** Source information follows **

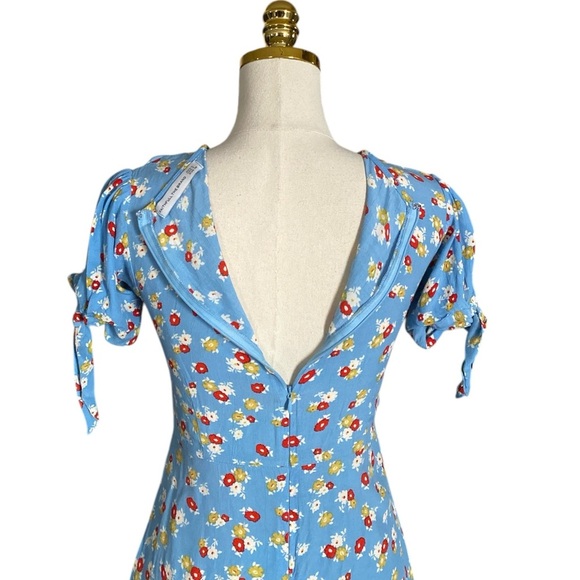 FAITHFUL THE BRAND Dainty Cottagecore Floral Light Blue Flowy Midi Dress Size 2 - Picture 8 of 11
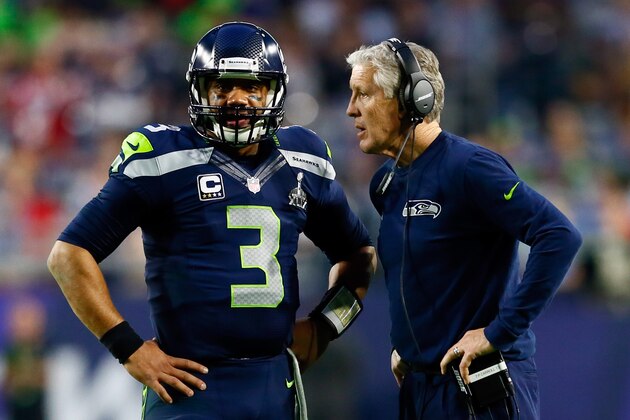 GLENDALE, AZ - FEBRUARY 01:  Head coach Pete Carroll of the Seattle Seahawks talks to Russell Wilson #3 of the Seattle Seahawks in the second quarter during Super Bowl XLIX at University of Phoenix Stadium on February 1, 2015 in Glendale, Arizona.  (Photo by Kevin C. Cox/Getty Images)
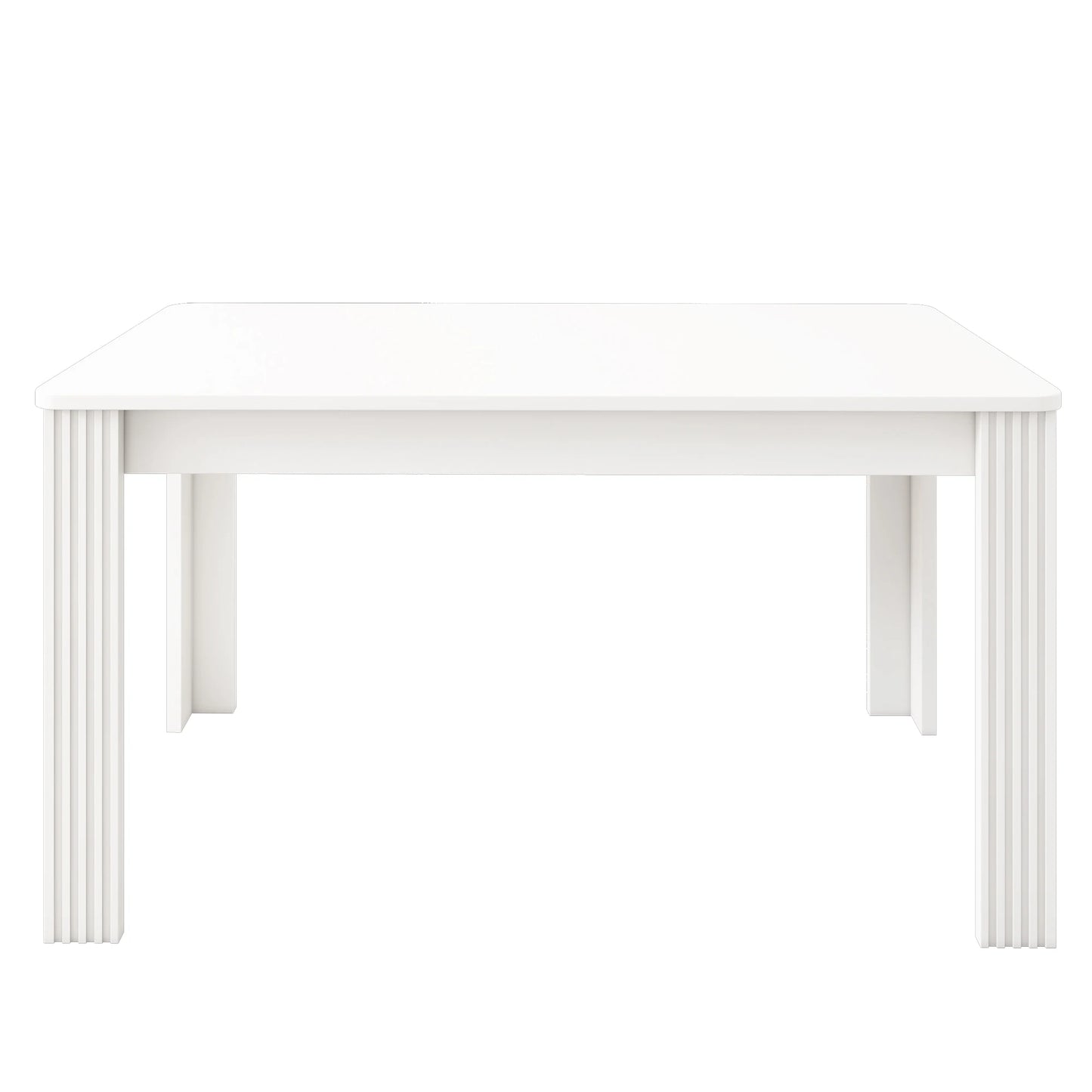 Eettafel – Tafel – Keukentafel – Eetkamertafel – Meubel – Wit Blad – Ruim Tafelblad 120-160 cm – Stevige Dikke Poten
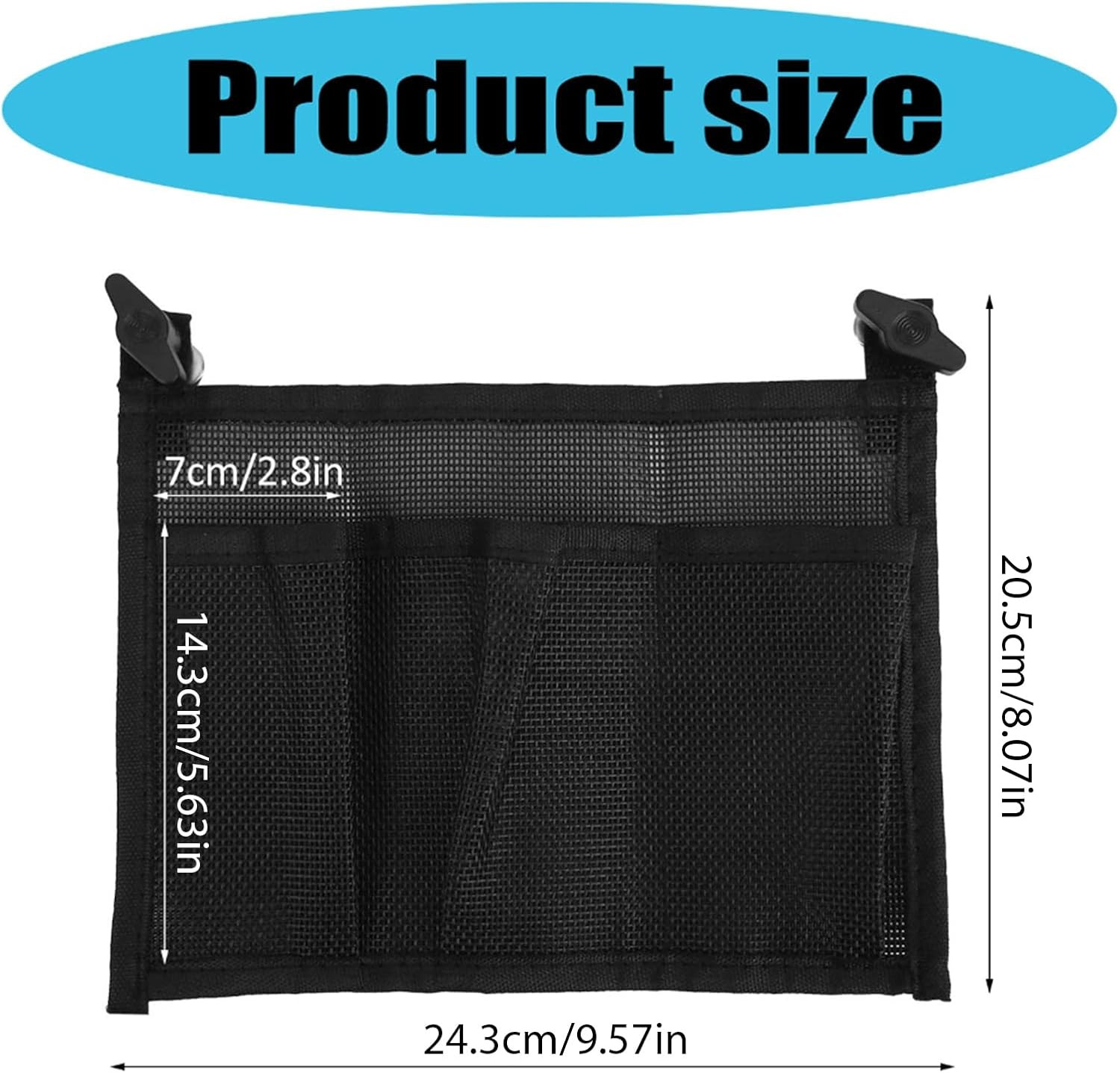 Kayak Canoes Meshes Storage Bag with 3 Pocket Meshes Pouches Boat Tackle Side…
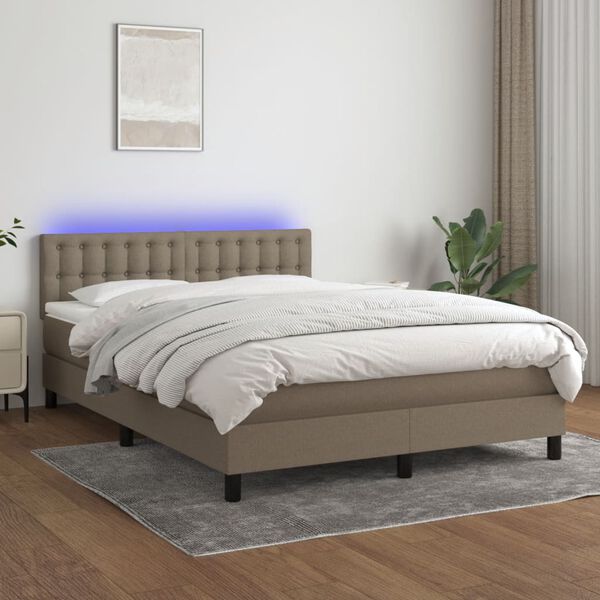 vidaXL Cama box spring colch&oacute;n y luces LED tela gris taupe 140x190 cm
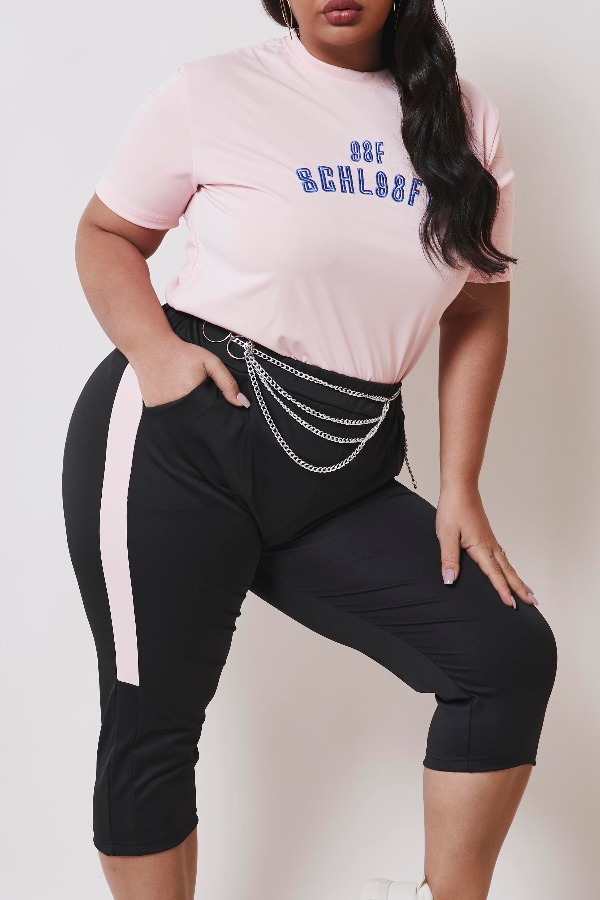 

lovely Casual Letter Pink Plus Size Two-piece Pants Set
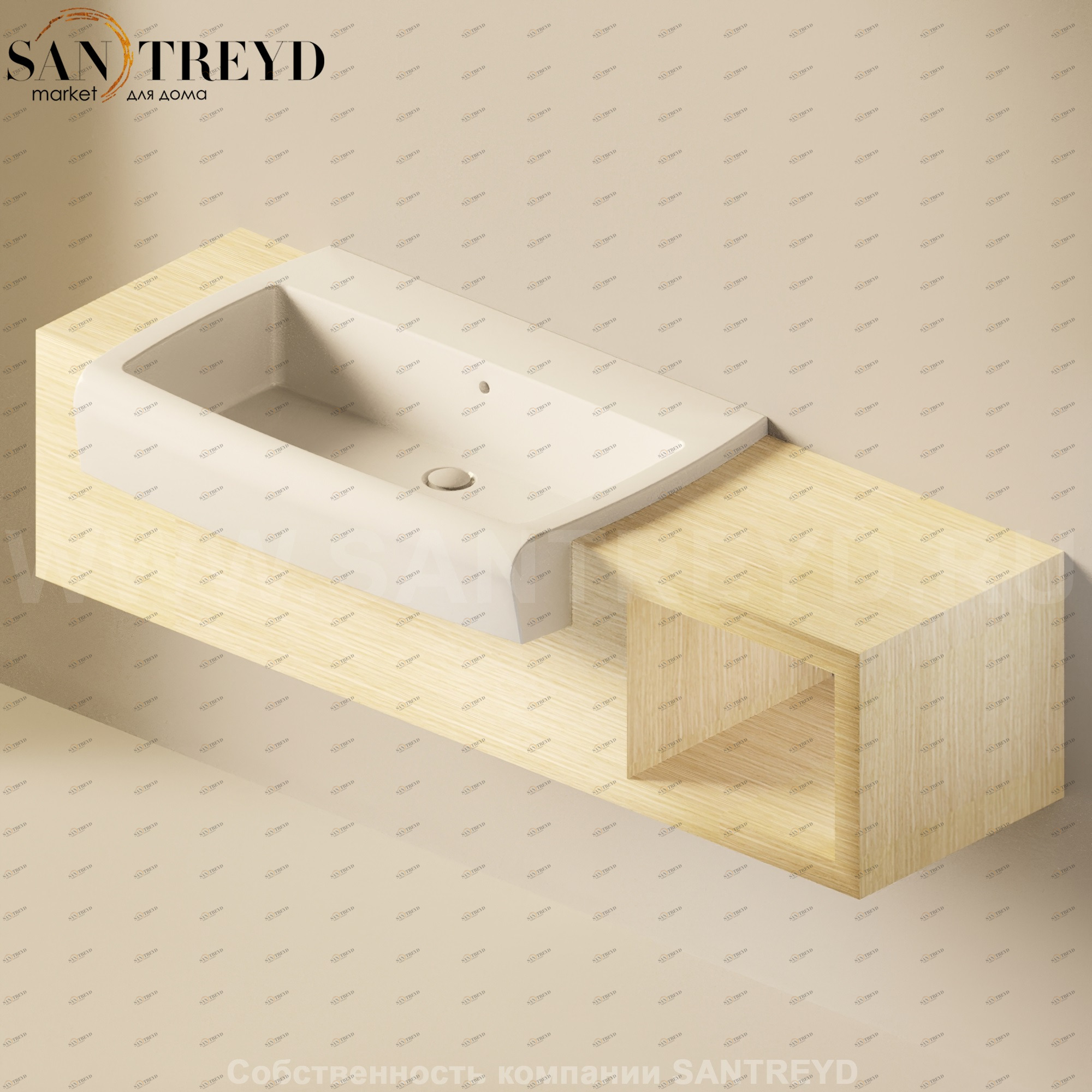 Flaminia UNA Консоль для раковины от 160 до 240 см с местом хранения светлый дуб UNA90V1.WL Ceramica Flaminia UNA90V1WL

** End of Source information **

## Exercise aim
Nothing but the lines from the one containing "GLENDALE, AZ - FEBRUARY" through the last line of the records above should appear, each repeated exactly, with no pictures.

## Answer
 GLENDALE, AZ - FEBRUARY 01:  Head coach Pete Carroll of the Seattle Seahawks talks to Russell Wilson #3 of the Seattle Seahawks in the second quarter during Super Bowl XLIX at University of Phoenix Stadium on February 1, 2015 in Glendale, Arizona.  (Photo by Kevin C. Cox/Getty Images)
 Eettafel – Tafel – Keukentafel – Eetkamertafel – Meubel – Wit Blad – Ruim Tafelblad 120-160 cm – Stevige Dikke Poten
 Kayak Canoes Meshes Storage Bag with 3 Pocket Meshes Pouches Boat Tackle Side…
 vidaXL Cama box spring colch&oacute;n y luces LED tela gris taupe 140x190 cm

lovely Casual Letter Pink Plus Size Two-piece Pants Set
 Flaminia UNA Консоль для раковины от 160 до 240 см с местом хранения светлый дуб UNA90V1.WL Ceramica Flaminia UNA90V1WL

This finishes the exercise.